I do not believe that mentioning that Linked Data is "based on RDF" will 
have a significant impact on the adoption of JSON-LD.

JSON-LD needs to stand on its own merits.  Tutorials can perfectly well 
talk about how to use JSON-LD without ever discussing bnodes, RDF/XML, 
or the semantics of interpretations.

>
> We just try to explain them the underlying principles in simple terms to get
> them interested and motivated enough to read the rest. The end of the spec
> makes JSON-LD's relationship to RDF crystal clear (IMO at least) and
> contains a whole lot of examples for people from the semantic web community
> already familiar with e.g. Turtle or RDFa. Those people don't need to read
> the introduction, they know the basics already.

I think it's good that it starts by explaining the underlying principles 
in simple terms.  I do not believe that that objective will be harmed by 
the three words "based on RDF".

>
>
>> Why does the definition of "Linked Data" matter so much?  Messaging
>> matters!  It can have a huge real-life impact.  (Colossal recent example
>> in politics: The messaging that President Bush used to justify starting
>> the Iraq war, which has ended up costing trillions of dollars and over
>> 100,000 civilians killed!)
>
> I just ignore this remark.
>
>
>> The coining of the term "Linked Data" by TimBL was the single most
>> important advance in messaging in the entire history of the Semantic
>> Web.  One of the biggest problems the Semantic Web had was the term
>> "Semantic Web" itself, because: (a) it is intimidating and confusing;
>> and (b) it is misleading, because people wrongly associate it with the
>> semantics of natural language processing.  It has been difficult over
>> the years to get the messaging simple and clear -- and the ugliness of
>> RDF/XML certainly didn't help -- and the term "Linked Data" helps
>> substantially.
>
> Exactly, it is a marketing term.
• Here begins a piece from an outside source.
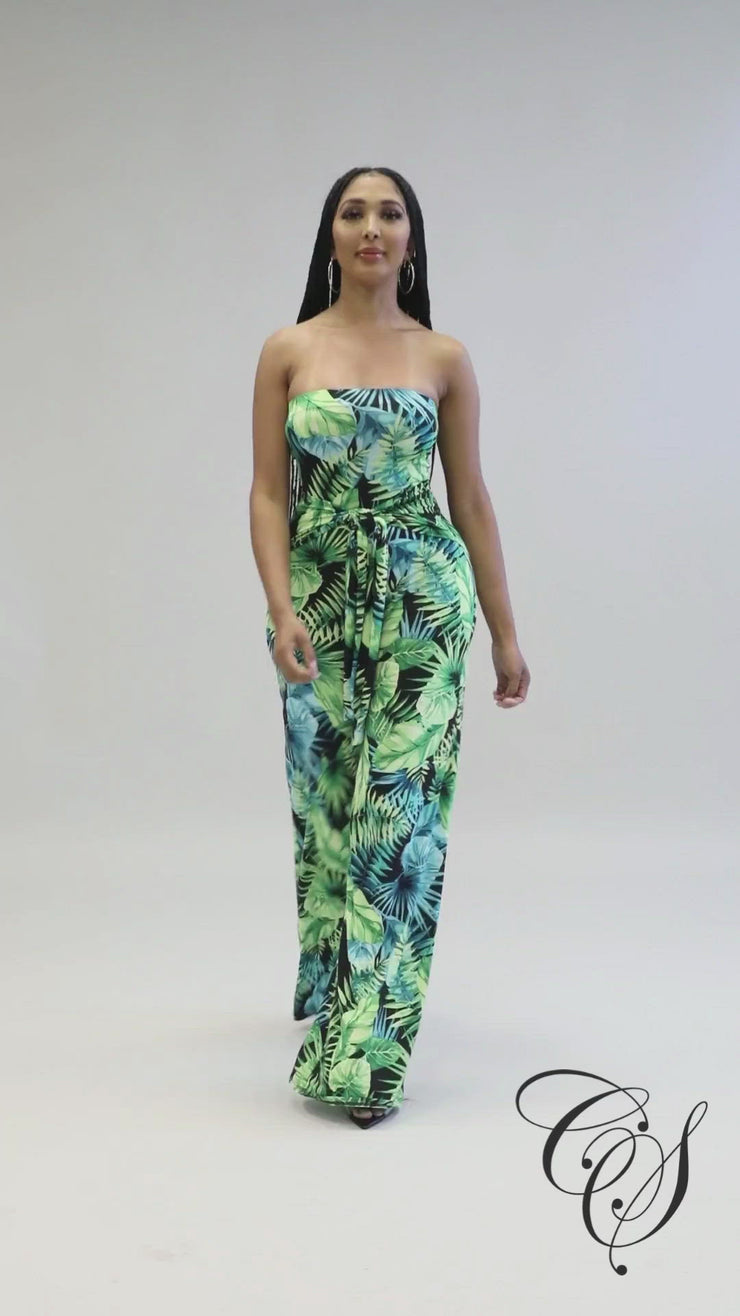 Mara Green Tropical Strapless Jumpsuit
Dan wrote excellent piece on that so I
> won't rehash it here:
>
> http://lists.w3.org/Archives/Public/www-archive/2012Oct/0119.html

Yes, that's a very good post.  To quote: 'RDF effectively got rebranded 
again; this time as "Linked Data".'

>
> The truth is that people strongly associate RDF with RDF/XML. In fact, it is
> difficult to have conversations without conflating RDF the data model and
> its serialization formats.

It would be nice if JSON-LD could help dispell that misconception.  But 
to do so, people need to know that JSON-LD *is* a serialization of RDF.

>
>
>> If the JSON-LD spec were to adopt a definition of "Linked Data" that
>> differs in such a critical way from the established meaning of this
>> term, it would be misleading the public and would create confusion in
>> the community.
>
> Sorry, but I just can't see how it is doing that.

Okay, to be very clear:

1. Telling the public that Linked Data is not based on RDF would be 
misleading the public, because Linked Data -- in the original and 
well-established sense of the term -- very clearly *is* based on RDF.
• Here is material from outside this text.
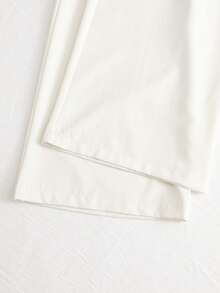 SHEIN 2pcs Tween Girls Elegant Commuter Style Outfit, Beige Camisole Top With Pearl Collar, Detachable Bow, And Wide Leg Pants Set, Suitable For Party, Outing - Apricot - View 6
2. That would create confusion in the community because people would 
then have differing notions of what is Linked Data.  Thus, when people 
talk about Linked Data, there would be confusion about what is meant. 
If the meaning is not kept clear, people may start claiming that 
arbitrary JSON is "Linked Data", or that spreadsheets that contain some 
URLs are "Linked Data", or that database tables that have foreign keys 
are "Linked Data", or HTML pages of census data with links to other 
pages are "Linked Data".

>
>
>> To be clear, the current resolution of this point is NOT satisfactory.
>>
>> A simple and neutral way to resolve this problem would be to just quote
>> TimBL's original definition of the term.  This is what other documents
>> have done, and would not require endless wordsmithing debates.  I
>> suggest doing that and linking to TimBL's original Linked Data document.
>> (Credit: thanks to Arnaud Le Hors for making this suggestion while we
>> were talking at SemTech.)
>
> I suppose by "TimBL's original definition" you don't really mean the
> original 2006 version, right?

I was referring to his completed version of that definition.  But as I 
pointed out above, the intent was also clear in the first draft.

>
>
>>> 2. It is the groups experience that Web developers have an aversion to
>>> RDF as a complex technology due to RDF/XML and other technologies that
>>> do not represent the current RDF world. It doesn't matter if these
>>> aversions are based on reality - the aversion exists, so we try to
>>> downplay RDF as much as possible in the JSON-LD spec.
>>
>> I agree with the goal of keeping it simple for Web developers, but I
>> think the downplaying has gone to the point of hiding it, and that is
>> harmful.  If developers' view of RDF is going to change, they need to
>> know that it *is* RDF that they are using when they use JSON-LD. If
>
> And you think that developers won't understand that from the last paragraph
> in the introduction
>
>     Developers that require any of the facilities listed above or
>     need to serialize an RDF graph or dataset [RDF11-CONCEPTS] in a
>     JSON-based syntax will find JSON-LD of interest.
>
> or any of the sections specifically discussing the relationship of JSON-LD
> and RDF?

No.  Would developers who "need to serialize an RDF graph in a XYZ-based 
syntax find XYZ-LD of interest"?  I guess, but that doesn't say that 
XYZ-LD is an RDF.  If they knew that the "-LD" stood for "Linked Data" 
and that Linked Data is based on RDF, then they may guess.  But I think 
it should be clear.

>
>
>> they see how easy it is to use JSON-LD, it will stand on its own merits,
>> even if it does say "RDF inside".  To my mind, the goal should not be to
>> *hide* the fact that it is JSON-LD is RDF, but to make JSON-LD 100%
>> usable by those who do not wish to learn anything *else* about RDF --
>> i.e., anything beyond what they learn in the JSON-LD spec.
>
> That's exactly what we try to do. By "hiding RDF" we try to increase the
> chances that they "see how easy it is to use JSON-LD" instead of stopping to
> read after the first paragraph because of an aversion to RDF.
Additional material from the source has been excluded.